Say your character is running from the bandits and thinks that he has gotten enough of a lead. He could spend the little extra time he has confusing his trail even further, or he could stop in at the local pub to relax a bit. The smart, motivated thing would be to confuse his trail so the bandits head off in the wrong direction. However, you could have all kinds of fun if he slips into the pub for a quick pint. He could run into the one person who actually has relevant advice for him in that pub. Or he could meet the soon to be love of his life. Maybe the soon to be love of his life is in league with bandits. So as you can see, sometimes the not so focused choice can give you more possibilities, could even be more fun than the responsible way of doing things.

Naturally, this will only work if you’ve shown your character to be a bit of a lush, or irresponsible already.
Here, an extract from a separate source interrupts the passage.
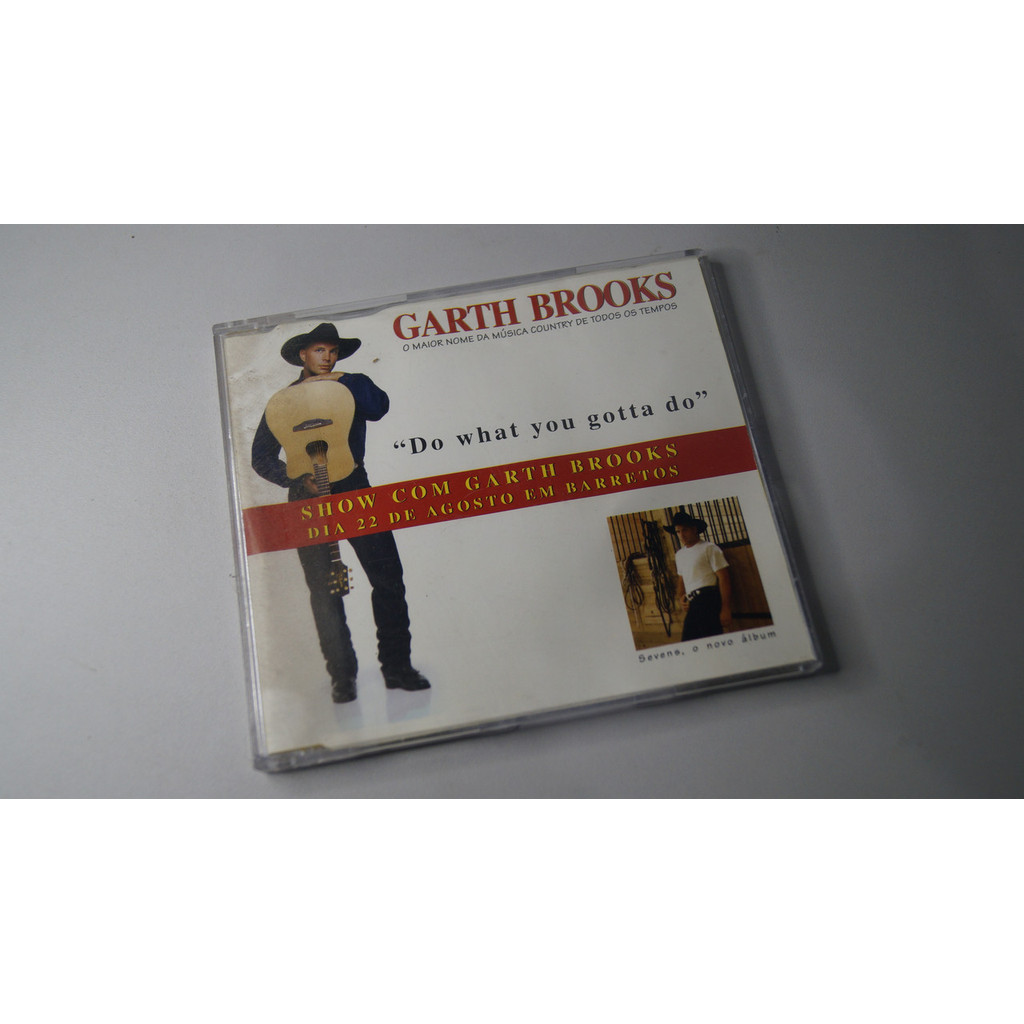 CD Single Original - Garth Brooks – Do What You Gotta Do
Poor time management skills can also feature in a character’s back story – you never know what kinds of contacts you might make playing on-line games like World of Warcrack. All those strangers who don’t seem to have anything better to do than be someone else in a fantasy game might just have the insight or skills your character needs to deal with this week’s big bad. And think of all the trivia you can learn from watching too much late night TV or hanging out with the discovery channel playing in the back ground. And if your modern character who wastes her time hanging out at the yarn shop happens to drop through a time portal, well she just might be able to survive even though she was about to lose her totally modern secretarial job.

Don’t think that all of this time management stuff for characters is about how they get to slouch around like a bunch of half hearted high school students.
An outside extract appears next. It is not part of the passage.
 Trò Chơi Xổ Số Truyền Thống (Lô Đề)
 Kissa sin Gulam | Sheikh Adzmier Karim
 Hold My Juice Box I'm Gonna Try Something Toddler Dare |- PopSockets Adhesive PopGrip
The plot demands a certain amount of attention. Characters who ignore the plot don’t do any better than students who don’t pay attention to their teachers. They might be able to pull it off for a short time, but sooner or later it’s going to show up in their grades or lack of readers. So while your character is making their choices about what to do with their time, it still has to be plot oriented. Having your bandit fleeing hero stop off for a pint only works if it advances the plot. Your WoW player needs to get some benefit from the game or it shouldn’t be mentioned.

When it comes to the plot, your character needs to be as disciplined as you are about writing. Only your character can’t look like they are plot oriented, that’s just a little too weird. In other words, you as the writer have to use your character’s natural state of time management to advance the plot. This is where the creativity comes in. You get to design your plot to match your character’s flaws. So you can place the important clues in the bars and pubs for your alcoholic hero and ensure that your knitter falls into a time when skill in yarn arts is a blessing. That character who plays WoW would fit in a plot that involved amateur war or war like fighting. Thereby turning their poor time management into an asset.
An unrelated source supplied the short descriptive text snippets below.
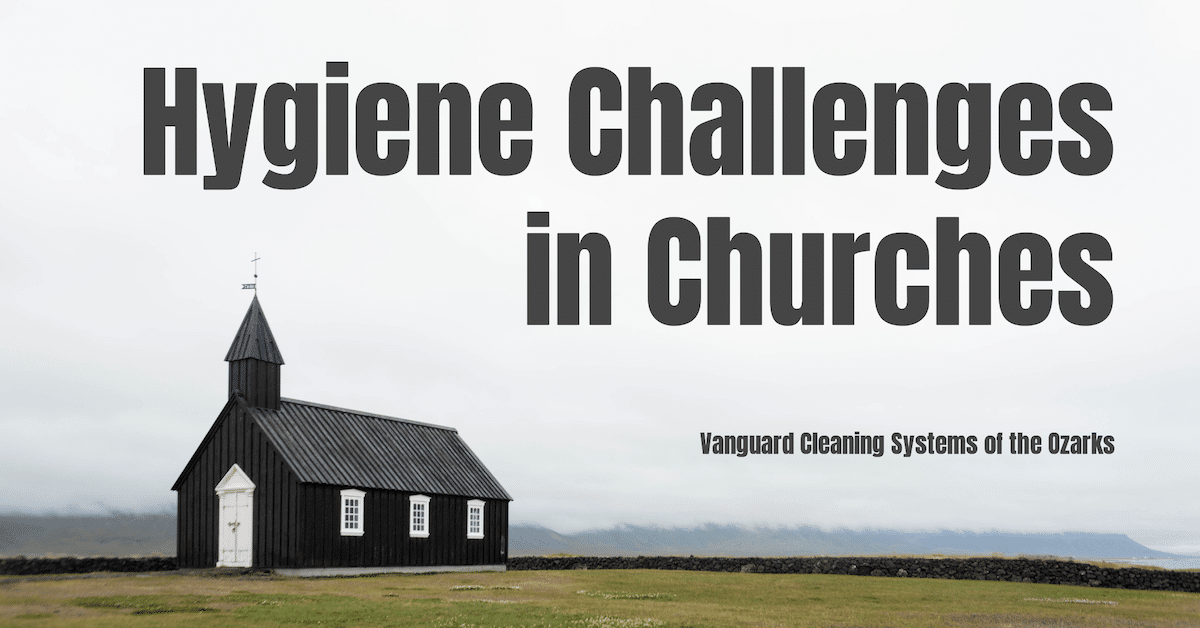 Hygiene Challenges in Churches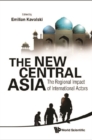 New Central Asia, The: The Regional Impact Of International Actors - eBook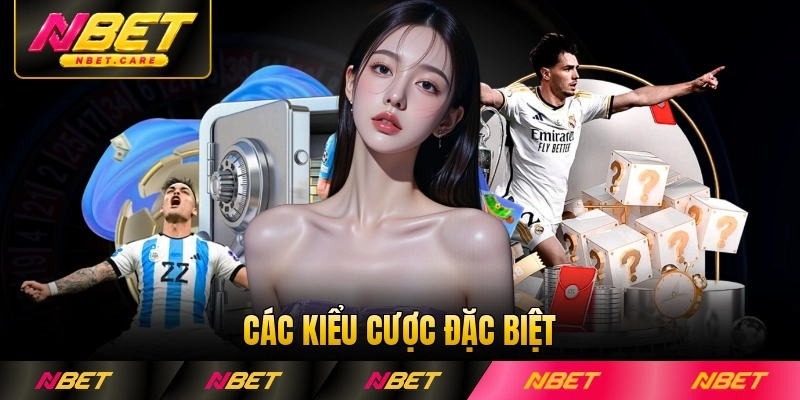 Các kiểu cược đặc biệt trong hệ thống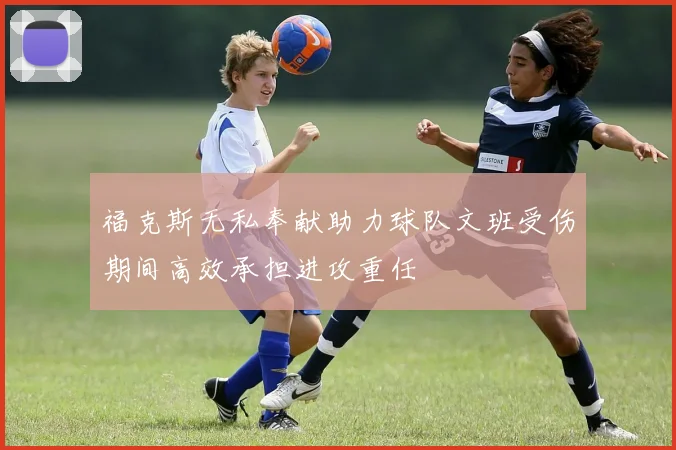 福克斯无私奉献助力球队文班受伤期间高效承担进攻重任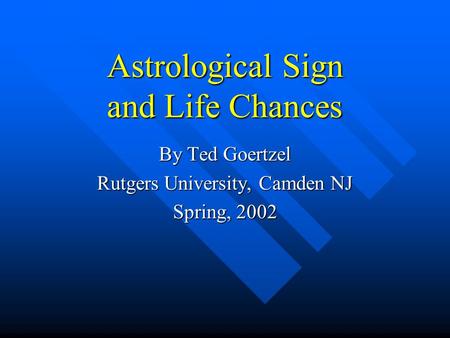 Astrological Sign and Life Chances By Ted Goertzel Rutgers University, Camden NJ Spring, 2002.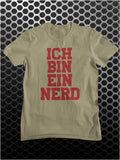 Ich Bin Ein Nerd - The IT Crowd Inspired Unisex T Shirt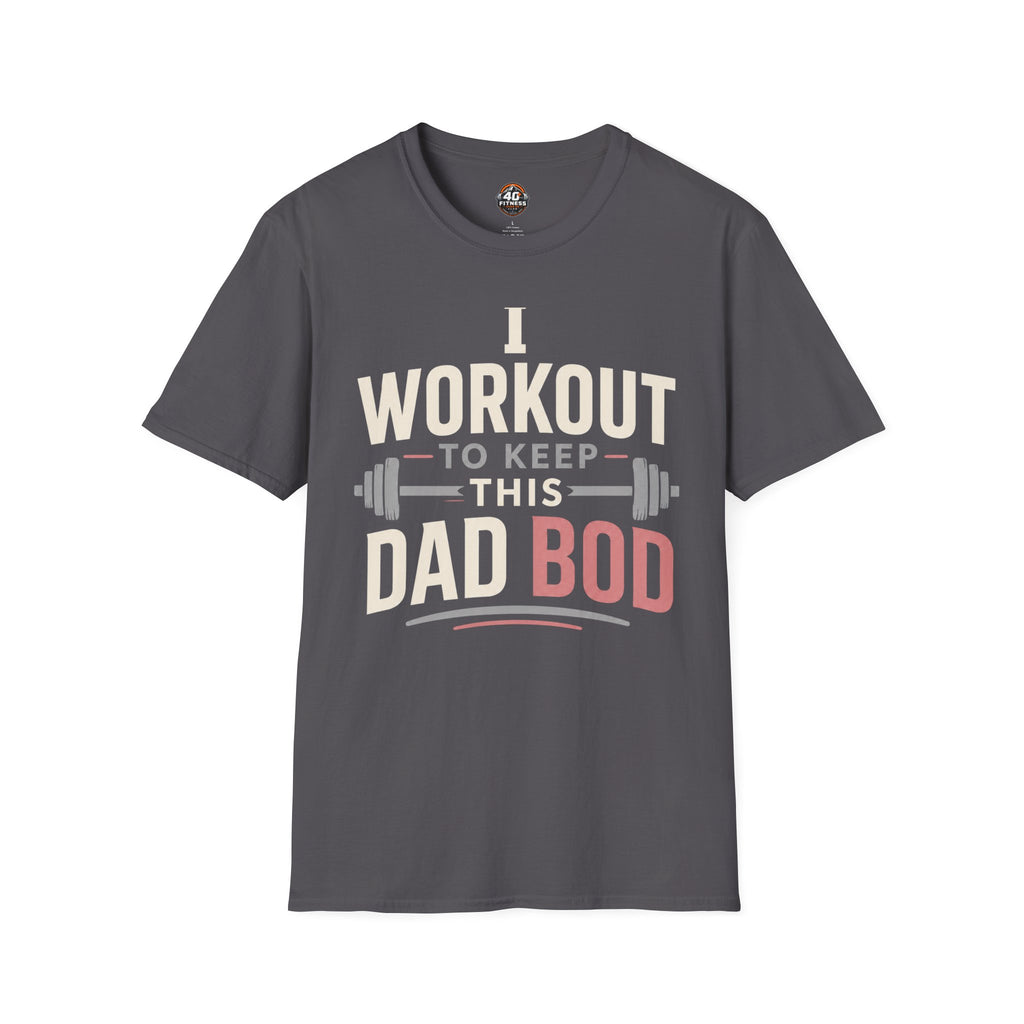 "I Workout to Keep This Dad Bod" Funny Fitness Tee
Other fun things to do with time management in stories is to pair the planner with the pantser. They will drive each other nuts, and provide a fun spectacle for your readers. Or, take just the planner and move things so fast he never has a chance to plan. Take the pantser and put her in the situation that will only work if you plan ahead. Take your laziest character and make her work her but off or send your workaholic on a family vacation. This, of course, is all part of the “put your characters in uncomfortable situations” school of story telling.

The take away from all of this is that you, the writer, need to be diligent about your time management and aware of your character’s. There are a lot of factors that go into both, but knowing them will give you the basis for all kinds of fun and productive writing.